# Offensive Words Collection from Urban Dictionary

This notebook collects offensive words from Urban Dictionary, organized by year (2005-2025), with WordNet validation and offensive content scoring.

**Features:**
- Chronological organization by first definition date
- WordNet validation (requires multiple synsets)
- Offensive content scoring system
- Configurable total words and words per year
- JSON export functionality


In [None]:
import requests
import time
from datetime import datetime
from collections import defaultdict
import json
from nltk.corpus import wordnet

## Configuration

Define keywords and patterns used for offensive content detection.

In [None]:
OFFENSIVE_KEYWORDS = [
    'insult', 'offensive', 'derogatory', 'rude', 'hateful', 'abusive',
    'contemptuous', 'pejorative', 'slur', 'racist', 'sexist', 'bigot',
    'discriminat', 'harass', 'mock', 'demean', 'stupid', 'idiot', 'loser'
]

EXPLICIT_WORDS = ['fuck', 'shit', 'ass', 'hell', 'dick', 'bitch', 'bastard']
PERSON_CONTEXTS = ['someone who', 'person who', 'people who', 'anyone who']

✓ Configuration loaded
  - 19 offensive keywords
  - 7 explicit words
  - 4 person contexts


## API Functions

Functions to interact with Urban Dictionary API.


In [None]:
def get_random_urban_words():
    """Fetch random words from Urban Dictionary API"""
    url = "https://api.urbandictionary.com/v0/random"
    try:
        response = requests.get(url, timeout=5)
        response.raise_for_status()
        return response.json().get('list', [])
    except Exception as e:
        print(f"Error fetching random words: {e}")
        return []

def get_word_definitions(word):
    """Fetch all definitions for a specific word"""
    url = "https://api.urbandictionary.com/v0/define"
    try:
        response = requests.get(url, params={'term': word}, timeout=5)
        response.raise_for_status()
        return response.json().get('list', [])
    except Exception as e:
        print(f"Error fetching '{word}': {e}")
        return []


✓ API connection successful - Retrieved 10 random entries


## WordNet Validation

Validate words using WordNet to ensure they have multiple synsets.


In [None]:
def has_multiple_synsets(word):
    """
    Check if a word has more than one synset in WordNet.
    Words with multiple synsets might have semantically shifted in time.
    """
    word_clean = word.lower().replace(' ', '_')
    synsets = wordnet.synsets(word_clean)
    return len(synsets) > 1


WordNet validation test:
  dog        → 8 synsets → ✓ Valid
  run        → 57 synsets → ✓ Valid
  asdfgh     → 0 synsets → ✗ Invalid
  test       → 13 synsets → ✓ Valid


## Offensive Content Analysis

Analyze text content to identify and score offensive language.

In [None]:
def is_offensive_text(text):
    """Check if text contains offensive language"""
    text_lower = text.lower()
    return any(keyword in text_lower for keyword in OFFENSIVE_KEYWORDS)

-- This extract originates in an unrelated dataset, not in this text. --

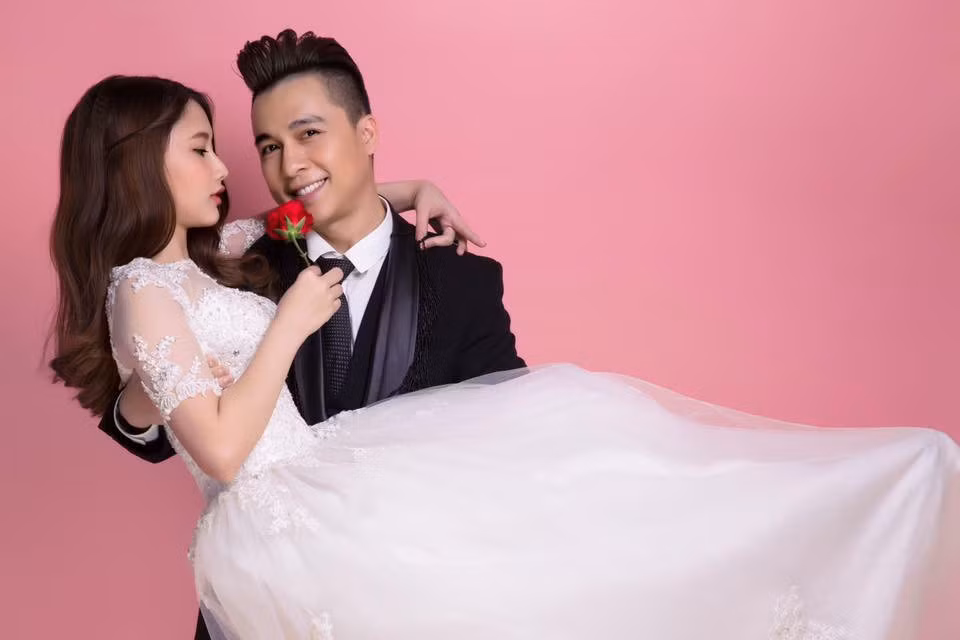 Mới đây, người đẹp Trang Linh lại tiếp tục chia sẻ hình ảnh trong bộ ảnh cưới của mình và Tiến Dũng thu hút nhiều sự chú ý của cộng đồng mạng. Bộ ảnh được thực hiện đơn giản nhưng rất đẹp, ghi lại những khoảnh khắc ngọt ngào của cả hai.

def calculate_offensive_score(definitions):
    """
    Calculate offensive score based on definitions and examples.
    Higher score = more likely to be offensive content.
    
    Scoring:
    - Offensive keywords in definition: +3
    - Offensive keywords in example: +2
    - Explicit words: +2
    - Person contexts: +1
    """
    score = 0
    
    for entry in definitions:
        definition = entry.get('definition', '').lower()
        example = entry.get('example', '').lower()
        
        # Check for offensive keywords
        if is_offensive_text(definition):
            score += 3
        if is_offensive_text(example):
            score += 2
        
        # Check for explicit words
        if any(word in definition or word in example for word in EXPLICIT_WORDS):
            score += 2
        
        # Check for negative person contexts
        if any(ctx in definition for ctx in PERSON_CONTEXTS):
            score += 1
    
    return score


Offensive scoring test:
  Definition 1: score = 1
  Definition 2: score = 5


## Data Processing

Extract and process word data from Urban Dictionary entries.


In [None]:
def extract_year(date_string):
    """Extract year from ISO date string"""
    try:
        date_obj = datetime.fromisoformat(date_string.replace('Z', '+00:00'))
        return date_obj.year
    except:
        return None

def clean_text(text):
    """Remove Urban Dictionary special characters"""
    return text.replace('[', '').replace(']', '').strip()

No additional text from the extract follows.